- The problem:
Would you please copy each line of the listing that mentions "Used"?

- Data supplied:
•••••
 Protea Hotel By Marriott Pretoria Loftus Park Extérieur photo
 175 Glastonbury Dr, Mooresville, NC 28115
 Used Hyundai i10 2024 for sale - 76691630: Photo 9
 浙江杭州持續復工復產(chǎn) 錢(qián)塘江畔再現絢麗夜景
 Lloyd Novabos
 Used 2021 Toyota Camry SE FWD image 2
•••••
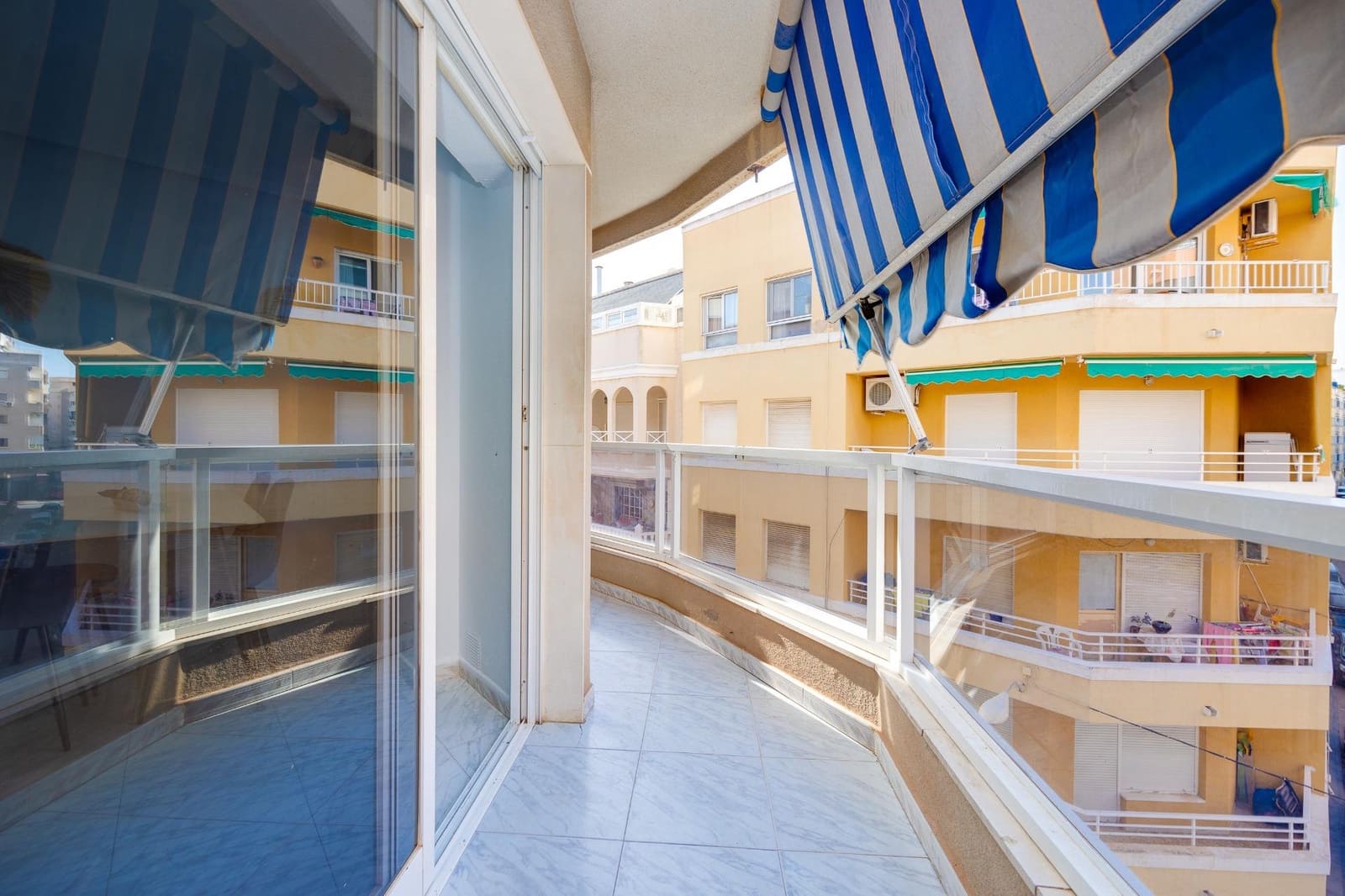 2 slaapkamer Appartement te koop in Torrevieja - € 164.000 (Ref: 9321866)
•••••
- Task output:
 Used Hyundai i10 2024 for sale - 76691630: Photo 9
 Used 2021 Toyota Camry SE FWD image 2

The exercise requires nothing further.